Created on 11-03-2016 07:59 PM
This is a continuation of Apache Storm Tuning Approach for Squirrels article that I published couple weeks ago.
A topology is going to have to coexist on a Storm cluster with a variety of other topologies. Some of those topologies will burn CPU doing heavy calculations, others will consume large amounts of network bandwidth.
No one sane can claim to provide a silver bullet for how to set up your cluster for the best performance. However, I’d like to share a few recipes and guidelines for dealing with issues as they arise.
I listed below 6 categories of contention, describing common problems and strategies to alleviate or eliminate resource contention. I hope that this article at least provides a good map for a deep dive onto Storm tuning. Each resource contention is probably worth it an article.

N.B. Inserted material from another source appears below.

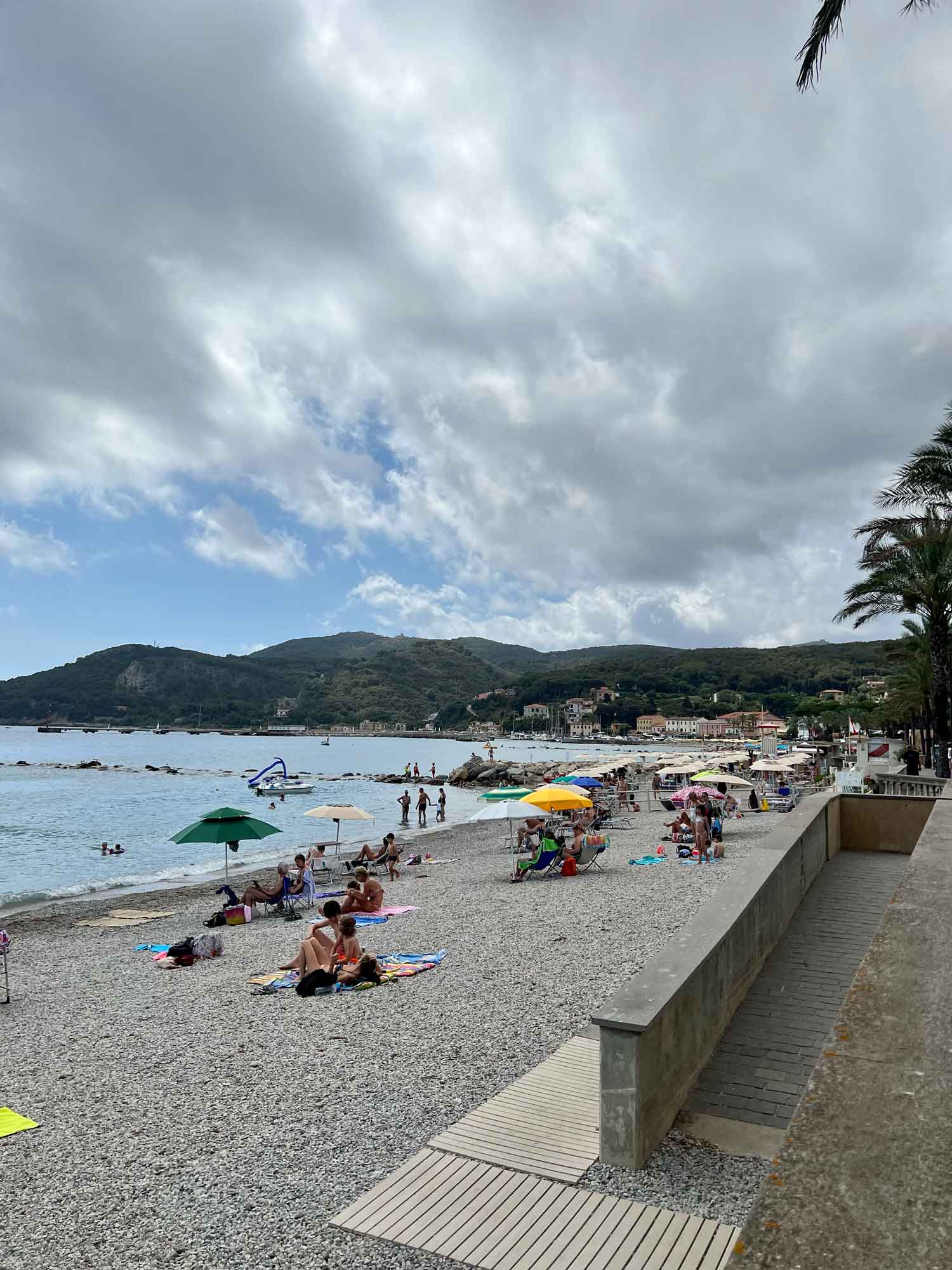 main beach of Cavo, Isola d'Elba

A Storm cluster is installed with a fixed number of available worker processes across all worker nodes. Each time you deploy a new topology to the cluster, you specify how many worker processes that topology should consume. The number of worker processes a topology requests is specified in the code for building and submitting your topology to the Storm cluster. It is possible that you could deploy a topology that requires a certain number of worker processes but you can’t acquire the needed worker processes because they’ve all been assigned to existing topologies. This problem is easy to detect; it can be found by looking at the cluster summary page of the Storm UI and identifying the free slots. Slots correspond to worker processes. It’s important to always be aware of the resources available in your cluster when deploying new topologies. If you ignore what’s available within your cluster, you can easily affect every topology in your cluster by deploying something that consumes too many resources.
Let’s assume that you notice a topology isn’t processing any data or has a sudden drop in throughput and zero free slots are available.You have a fixed number of worker processes that can be allocated to the topologies requesting them. You can address this problem with these strategies:
Decreasing the number of worker processes in use by existing topologies is the quickest and easiest way to free up slots for other topologies in your cluster. But this may or may not be possible depending on the SLAs for your existing topologies. If you can reduce the number of worker processes being used by a topology without violating the SLA, then go for it.
If your SLAs don’t allow you to reduce the number of slots being used by any of the topologies in your cluster, you’ll have to add new worker processes to the cluster.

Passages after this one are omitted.